Management of Research Data in Computational Fluid Dynamics and Thermodynamics
The performance increase of the available resources in the HPC area offers the possibility to investigate fundamental questions of fluid mechanics with numerical tools in high temporal and spatial resolution. In particular, turbulent flows, which account for the largest part of flow processes in nature and technology and do not exhibit a closed analytical solution, can be investigated with increasing precision. Nowadays, one trillion data points are stored and processed per simulation. It is not clear from the outset which data is relevant for understanding the physical processes. Therefore, hundreds to thousands of simulations are carried out in the course of a research project in order to investigate the influence of individual parameters. Similarly molecular simulations underwent a huge increase in algorithmic and technical performance making it now simple to generate large amounts of data. The pure amount of data can be reduced by suitable data compression algorithms. However, it remains an important and challenging task to manage these simulations in a structured way to ensure reproducibility, retrievability and clarity. Equally important is the subsequent question of how the methodology, process and results of the research project can be secured in the long term and shared if necessary.

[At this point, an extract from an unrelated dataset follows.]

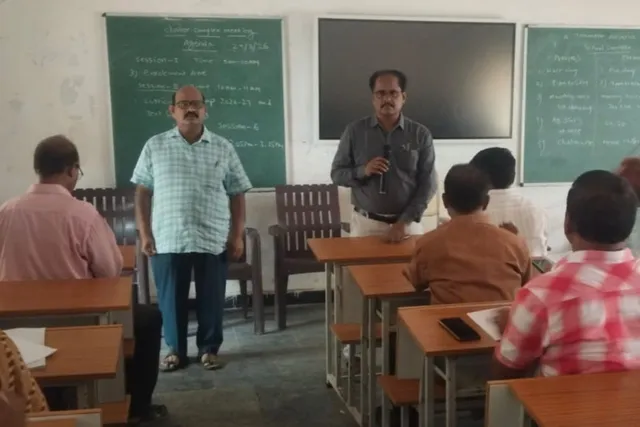 నైతిక విలువలతో బోధన: డీఈవో మాణిక్యం నాయుడు సూచన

So far, publication of the data is not anchored in the professional culture and is not easy to achieve due to the technical circumstances. Archiving data for more than 3-4 years seems neither possible nor sensible. Based on this initial situation, members of the IAG and ITT, in cooperation with the infrastructure facilities (UB, TIK, HLRS) of the University of Stuttgart, develop and test a working process in which, immediately after data generation, metadata is automatically extracted from log and input files, supplemented by rarely changing information on authors and projects, and stored in the DaRUS data repository. The repository, based on the open-source software Dataverse, is used for the local administration of the data. The easy searchability of the descriptive data helps to reuse the existing data and to document the research process. Last but not least, the data already described can be published or meaningfully archived without much additional effort. For the future, we are also striving for clear criteria for the selection, quality control and retention period of the data and mechanisms for the automated linking of datasets.